- [Task statement]
Among the entries below, find every line that has "Used" and pull it out.

****************

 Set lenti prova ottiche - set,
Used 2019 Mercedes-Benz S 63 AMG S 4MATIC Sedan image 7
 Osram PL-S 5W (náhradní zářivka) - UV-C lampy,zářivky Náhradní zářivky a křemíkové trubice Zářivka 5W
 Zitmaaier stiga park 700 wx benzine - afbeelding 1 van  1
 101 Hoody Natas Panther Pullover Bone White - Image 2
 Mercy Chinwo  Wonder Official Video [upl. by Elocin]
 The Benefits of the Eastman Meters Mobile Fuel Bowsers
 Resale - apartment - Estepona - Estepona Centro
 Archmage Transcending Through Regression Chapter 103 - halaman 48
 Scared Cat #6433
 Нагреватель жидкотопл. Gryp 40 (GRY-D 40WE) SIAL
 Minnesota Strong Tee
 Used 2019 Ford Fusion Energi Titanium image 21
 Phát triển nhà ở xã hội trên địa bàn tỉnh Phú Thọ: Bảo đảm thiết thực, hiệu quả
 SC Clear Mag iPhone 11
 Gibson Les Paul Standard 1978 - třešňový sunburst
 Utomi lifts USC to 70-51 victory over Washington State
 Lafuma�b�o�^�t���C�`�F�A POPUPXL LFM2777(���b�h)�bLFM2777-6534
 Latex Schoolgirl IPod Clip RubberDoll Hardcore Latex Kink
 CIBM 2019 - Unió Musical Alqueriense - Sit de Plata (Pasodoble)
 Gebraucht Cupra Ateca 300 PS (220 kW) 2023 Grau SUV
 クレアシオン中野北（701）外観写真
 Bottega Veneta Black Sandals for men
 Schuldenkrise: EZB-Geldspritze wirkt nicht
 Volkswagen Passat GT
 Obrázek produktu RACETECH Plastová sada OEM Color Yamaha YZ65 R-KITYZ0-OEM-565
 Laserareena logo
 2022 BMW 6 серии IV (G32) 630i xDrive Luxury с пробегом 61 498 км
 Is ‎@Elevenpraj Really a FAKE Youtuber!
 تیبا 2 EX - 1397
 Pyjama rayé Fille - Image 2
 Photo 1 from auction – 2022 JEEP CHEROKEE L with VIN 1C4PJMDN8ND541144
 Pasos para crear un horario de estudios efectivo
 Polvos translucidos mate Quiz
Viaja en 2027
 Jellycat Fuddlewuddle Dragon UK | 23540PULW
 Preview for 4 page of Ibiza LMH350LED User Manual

****************

- [Result of this exercise]
Used 2019 Mercedes-Benz S 63 AMG S 4MATIC Sedan image 7
 Used 2019 Ford Fusion Energi Titanium image 21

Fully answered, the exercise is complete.